"We have adopted the joint declaration and recommendations with the clear expression of support to Croatia for the start of its membership talks with the European Union on 17 March," the head of the Croatian parliamentary foreign affairs committee, Gordan Jandrokovic, told a news conference after the meeting.
Jandrokovic, who co-chaired the meeting, voiced hope that Croatia would "really open a new chapter in its development and start the negotiations with the EU" on that day.
The declaration reads that Croatia has made great progress in all fields and that it is successful in reforms it has launched.

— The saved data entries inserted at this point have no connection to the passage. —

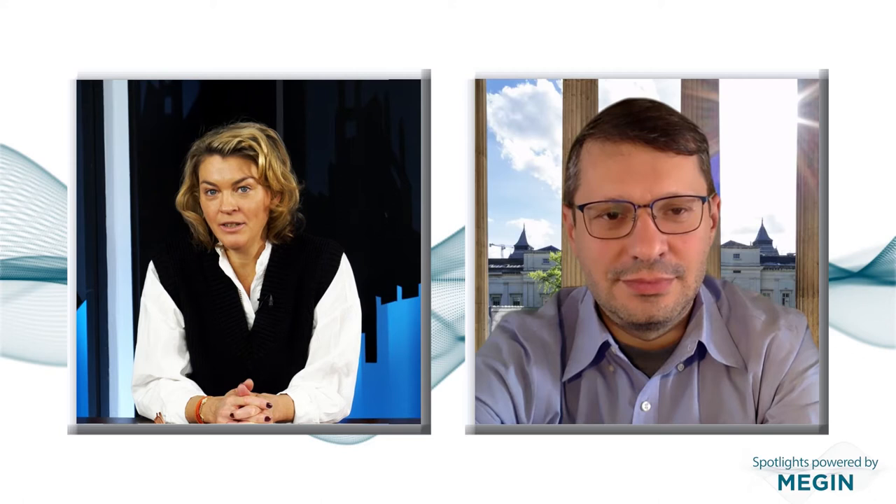Hi Vladimir, thank you for joining us today. Hi, it's great to be here. So the Wellcome Center for Human Neuroimaging at UCL focuses on the collection of methods that investigate human brain structure and function. As a senior researcher at the center, you are heavily involved in work concentrating on cortico-subcortical communication. Please explain your work to our listeners in a bit more detail.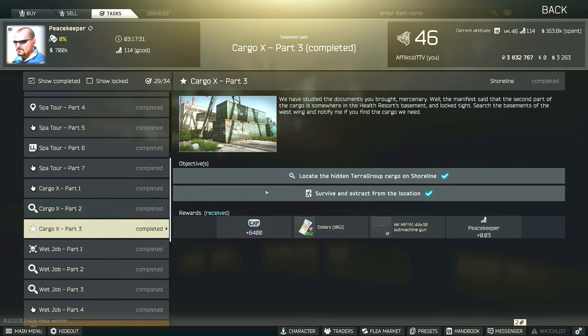Hey guys, this is a Peacekeeper Task Guide for Cargo X Part 3. For this task, we have to locate the hidden terror group cargo on shoreline and then survive and extract from the location.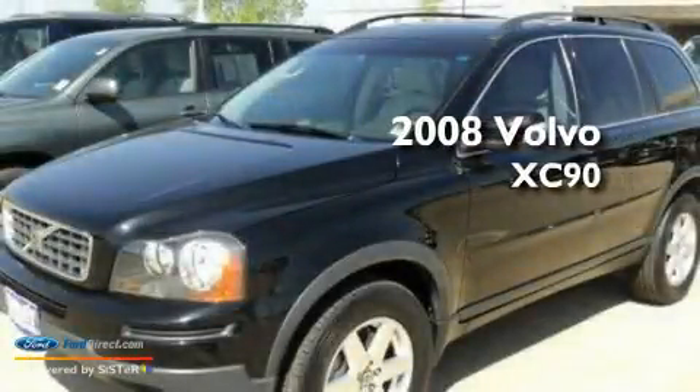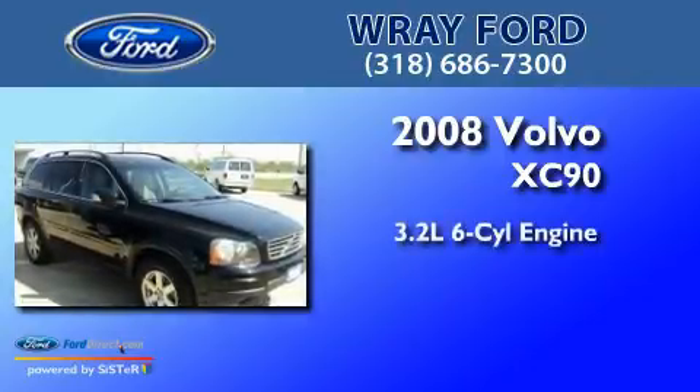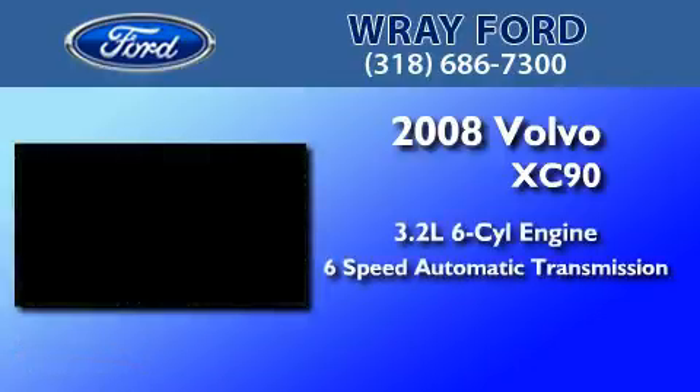This is a 2008 Volvo XC90. It features a 3.2-liter six-cylinder engine and a six-speed automatic transmission.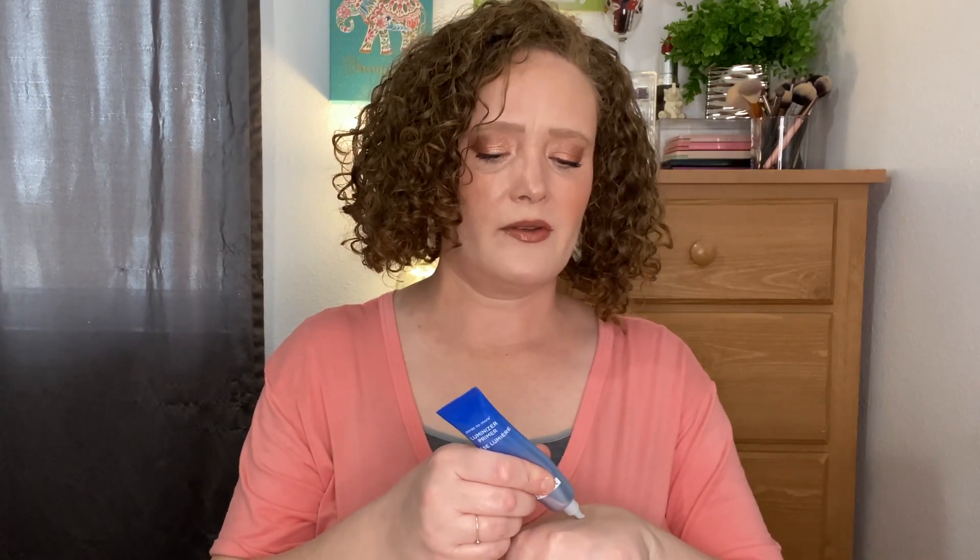Next is the Dr. Brandt Pores No More Luminizer Primer. This is a glowy primer. I do like it, though it's not my absolute favorite — for a glowy primer I'm surprised it's not a little more hydrating, but it is beautiful. I really like it for days I don't want to wear a ton of foundation, like maybe just spot concealer. It looks pretty under makeup, though you can't really see the luminance under a heavier foundation.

The document also contains recommendations supporting these reforms and highlights the importance of their further implementation, Jandrokovic said.
"This is the right path to go on which we have encouraged our Croatian colleagues" to continue with legislative reforms and their implementation in the practices, said Pal Schmitt of Hungary, who co-chaired the meeting, on behalf of the European Parliament.
He went on to say that "further efforts, nevertheless, are expected to ensure full cooperation of Croatia with the International Criminal Tribunal for the former Yugoslavia (ICTY)."
"This condition is essential for the European Parliament, the Council of Ministers and the European Commission," Schmitt told the news conference.
Asked by reporters whether there was any mention of possible alternatives if the talks did not start on 17 March, Jandrokovic said that this was not the topic of the meeting, and reiterated that participants discussed the political and economic situation in Croatia and fulfilment of the Madrid and Copenhagen criteria.
We are not considering any alternative as I cannot imagine that the talks with Turkey will begin and that they would not begin with "a country which is in the very heart of Europe" such as Croatia that belongs more than a thousand years, Schmitt added.
The two-day meeting brought together 12 deputies of the most important political groups in the European Parliament, as well as Austrian Johannes Swoboda, the EP rapporteur for Croatia, Georges Santer on behalf of the Presidency-in-Office of the Council of the European Union and David Daly, the head of the Unit, Croatian Team in the Directorate General for Enlargement, who was in Zagreb on behalf of the European Commission.
The Joint Committee, which represents a new form of cooperation between the Croatian Sabor and the European Parliament, was set up following a March 2004 decision of the EP and a 15 October 2004 decision of the Croatian parliament.